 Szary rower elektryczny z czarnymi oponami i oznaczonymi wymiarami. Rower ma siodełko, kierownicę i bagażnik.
...
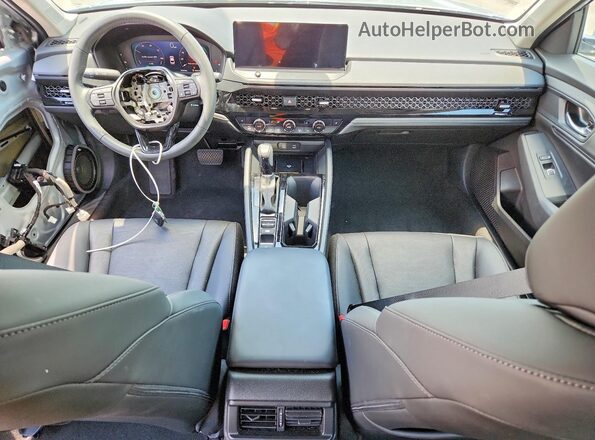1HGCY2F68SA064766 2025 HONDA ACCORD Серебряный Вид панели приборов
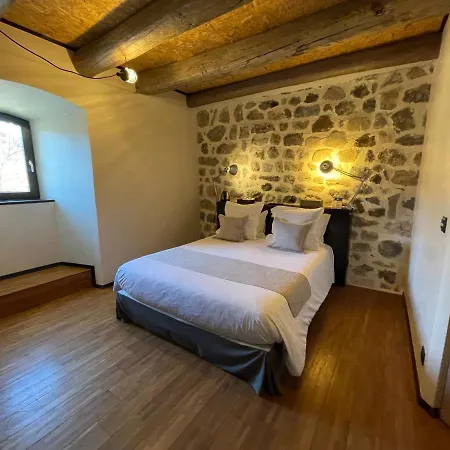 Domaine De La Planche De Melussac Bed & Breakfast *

- **The problem**
Reproduce the entries exactly, from the line with "1HGCY2F68SA064766 2025 HONDA" to the line with "Domaine De La", both lines included, keeping no pictures.

- **Response area**
1HGCY2F68SA064766 2025 HONDA ACCORD Серебряный Вид панели приборов
 Domaine De La Planche De Melussac Bed & Breakfast *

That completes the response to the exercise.